In these cases, we work closely with HR and payroll teams on an ongoing basis to support compliance throughout the year.
This includes:
Regular (typically weekly) review of hours worked and pay
Assessment of compliance across relevant pay periods
Identification of potential risks before they arise
Ongoing guidance to maintain compliance across all sponsored workers
This approach is designed for employers who require flexibility but recognise the increased compliance burden.
Which Approach Is Right for You?
In most cases, employers will find that a consistent approach to hours and pay significantly reduces both risk and administrative burden.
However, where flexibility is essential, ongoing compliance support may be appropriate.

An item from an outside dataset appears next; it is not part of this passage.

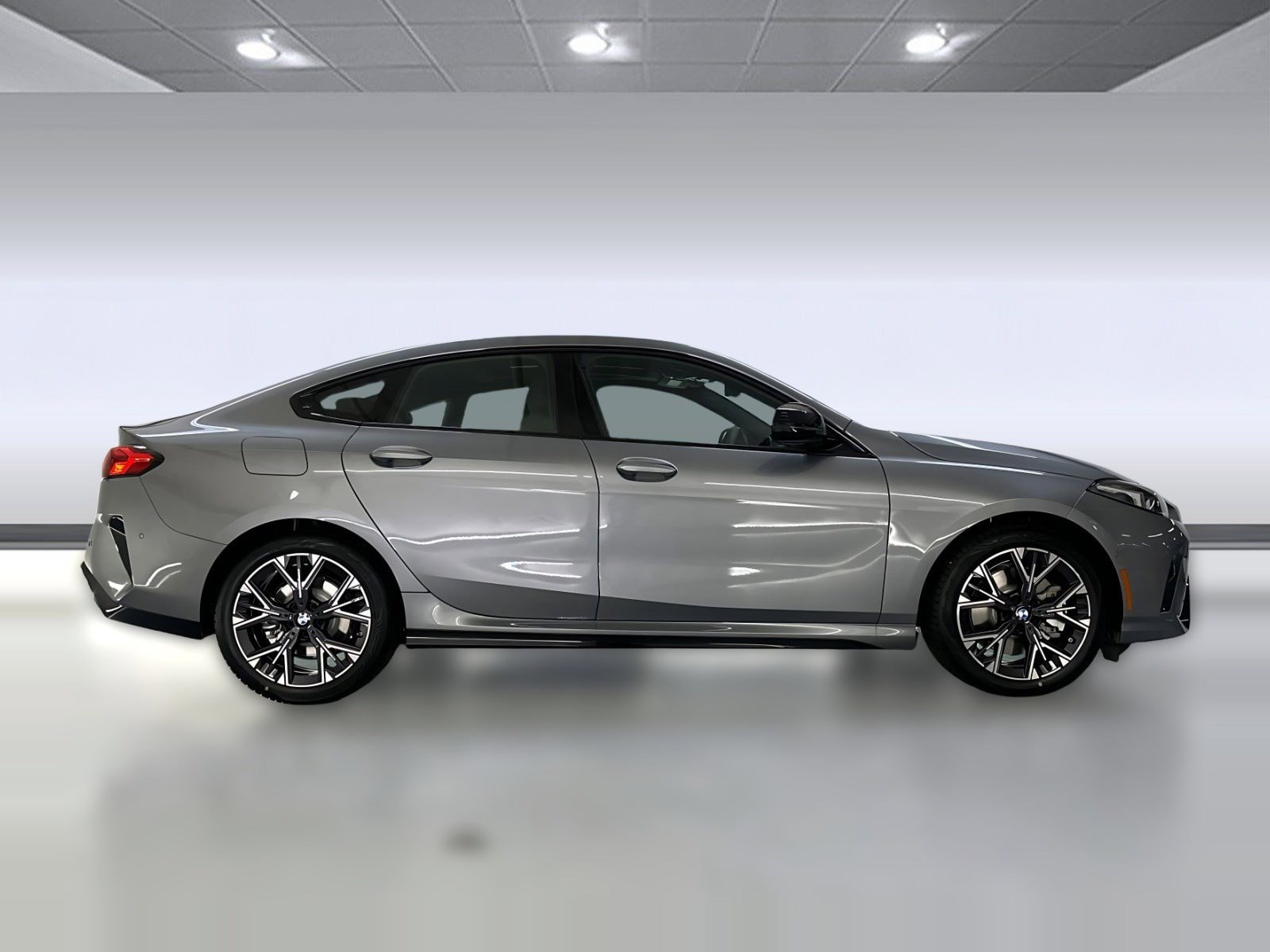 2026 BMW 228i photo 6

Contact us to discuss your current arrangements or planned recruitment on 0115 998 7326 or complete our enquiry form.
FAQs
1. What are “rolling windows” in Skilled Worker salary compliance?

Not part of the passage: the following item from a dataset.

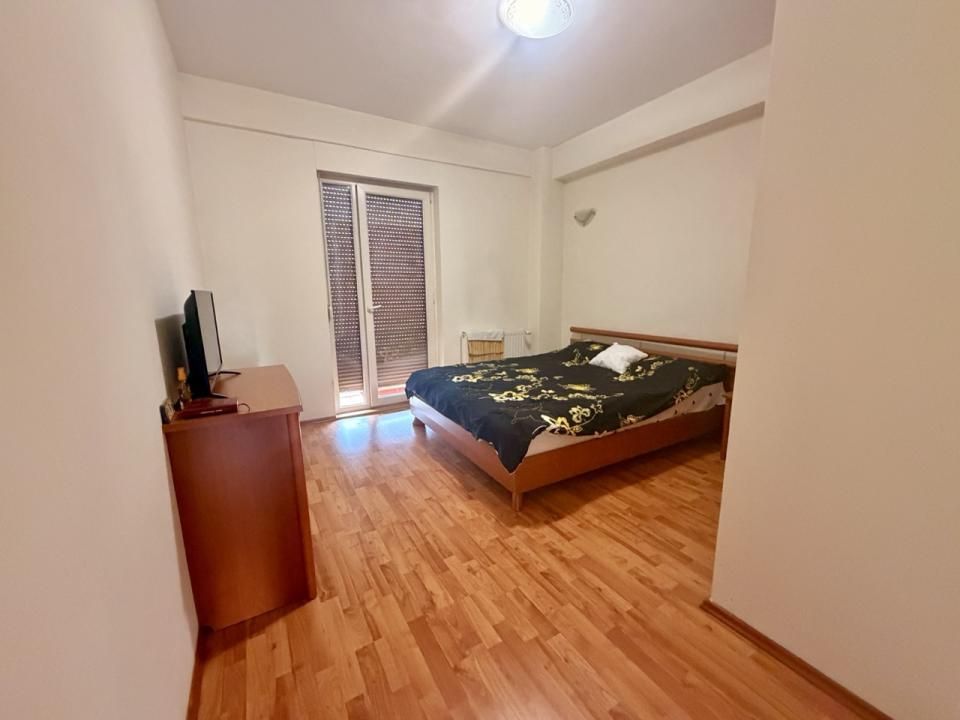Apartament cu 3 camere, 78 mp utili - Aradului – fotografia 1 din 9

This is not a Home Office term. It describes how the rules apply to any consecutive period, rather than fixed blocks.
2. When does the 17-week rule apply?
It applies where weekly hours are not the same each week, resulting in uneven pay.
3. Can employers vary working hours?
Yes, but doing so is likely to trigger the 17-week rule, which requires more complex monitoring.
4. Does annual salary still matter?
Yes, but compliance is now assessed across defined pay periods rather than annually.
5. Do absences affect compliance?
They can. Reduced pay during absences may affect whether the relevant period meets the required threshold.
6. What is the simplest way to remain compliant?
Maintaining consistent weekly hours and pay is generally the most straightforward approach.
7. Do the New Skilled Worker Salary Rules Apply to Me?
If you are unsure whether the new Skilled Worker salary rules apply, the key factor is the date your Certificate of Sponsorship (CoS) was assigned.
Use the quick guide below.
If your CoS was assigned before 8 April 2026:
You will generally remain under the previous salary rules
Salary is assessed primarily on an annual basis
The new pay period rules under SW 14.3B do not usually apply immediately
If your CoS is assigned on or after 8 April 2026:
The new pay period rules apply
Salary must meet thresholds across:
3-month periods (monthly pay)
12-week periods (weekly pay)
17-week periods (uneven hours)
Compliance must be maintained continuously (referred to in this article as “rolling windows”)
If you are extending or changing employment:
The new rules are likely to apply
A new CoS will normally bring the worker into the updated framework
Practical takeaway
Existing workers may remain under old rules for now
New hires and extensions will fall under the new system
Many employers will need to operate both systems at the same time
If you are unsure which rules apply to your workforce, a structured review can prevent future compliance issues.